Today's Highlight in History:
On Nov. 25, 1920, radio station WTAW of College Station, Texas, broadcast the first play-by-play description of a football game, between Texas University and the Agricultural and Mechanical College of Texas. (Texas won, 7-3.)
On this date:
In 1783, the British evacuated New York, their last military position in the United States during the Revolutionary War.
In 1864, during the Civil War, Confederate agents set a series of arson fires in New York; the blazes were quickly extinguished.
In 1915, a new version of the Ku Klux Klan, targeting blacks, Jews, Catholics and immigrants, was founded by William Joseph Simmons, who proclaimed himself Imperial Wizard as he staged a cross-burning on Stone Mountain outside Atlanta.

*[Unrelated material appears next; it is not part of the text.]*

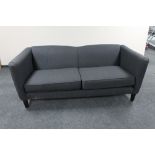 A Marks & Spencer two seater settee in charcoal fabric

In 1940, the cartoon character Woody Woodpecker made his debut in the animated short "Knock Knock" produced by Walter Lantz.

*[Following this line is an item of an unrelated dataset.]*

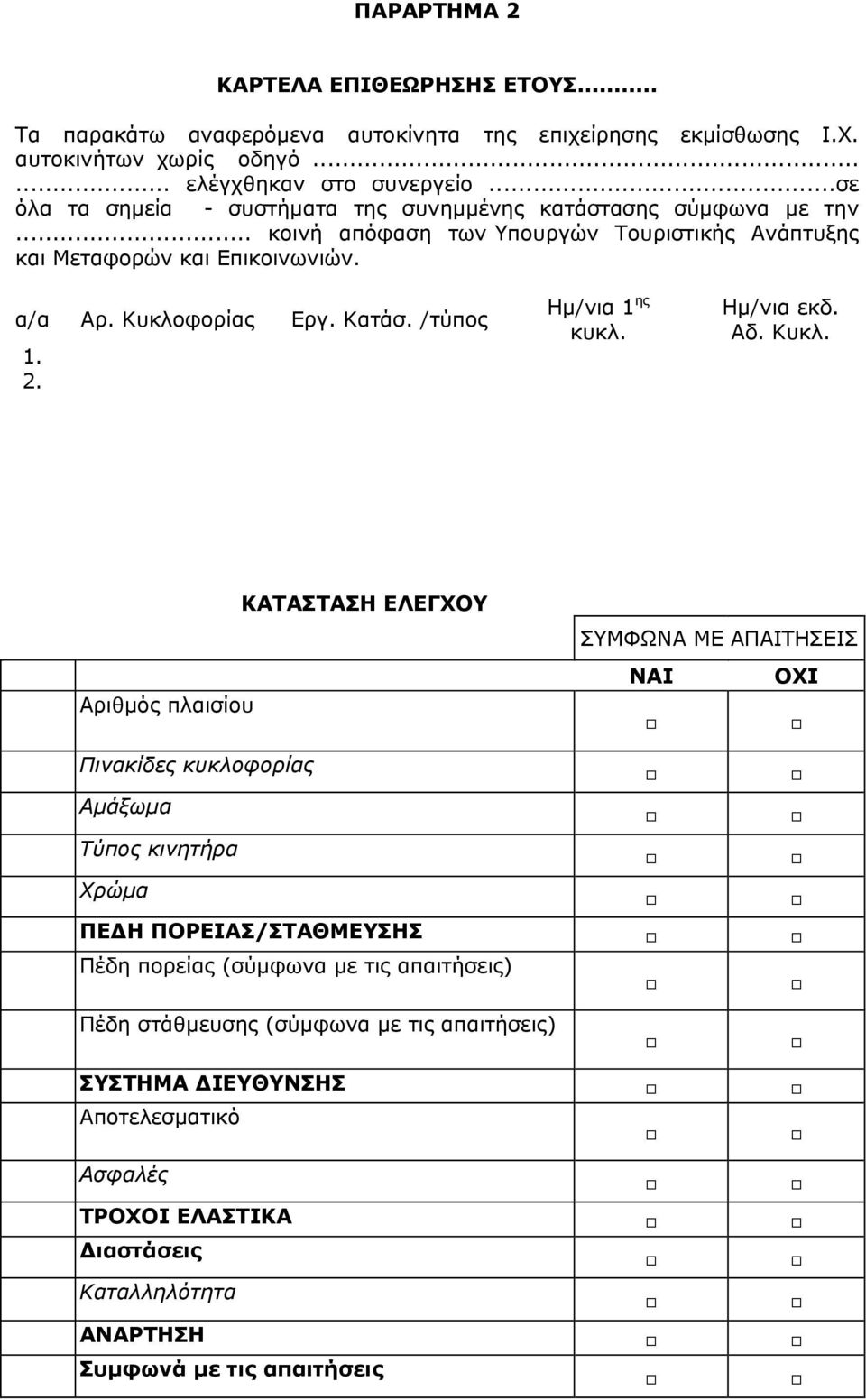 /τύπος 1. 2. Ημ/νια 1 ης κυκλ. Ημ/νια εκδ. Αδ. Κυκλ.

In 1947, movie studio executives meeting in New York agreed to blacklist the "Hollywood Ten" who'd been cited for contempt of Congress the day before.
In 1957, President Dwight D. Eisenhower suffered a slight stroke.
In 1963, the body of President John F. Kennedy was laid to rest at Arlington National Cemetery; his widow, Jacqueline, lighted an "eternal flame" at the gravesite.
In 1974, former U.N. Secretary-General U Thant (oo thahnt) died in New York at age 65.
In 1986, the Iran-Contra affair erupted as President Ronald Reagan and Attorney General Edwin Meese revealed that profits from secret arms sales to Iran had been diverted to Nicaraguan rebels.
In 1999, 5-year-old Elian Gonzalez was rescued by a pair of sport fishermen off the coast of Florida, setting off an international custody battle.
In 2001, as the war in Afghanistan entered its eighth week, CIA officer Johnny "Mike" Spann was killed during a prison uprising in Mazar-e-Sharif, becoming America's first combat casualty of the conflict.
In 2002, President George W. Bush signed legislation creating the Department of Homeland Security, and appointed Tom Ridge to be its head.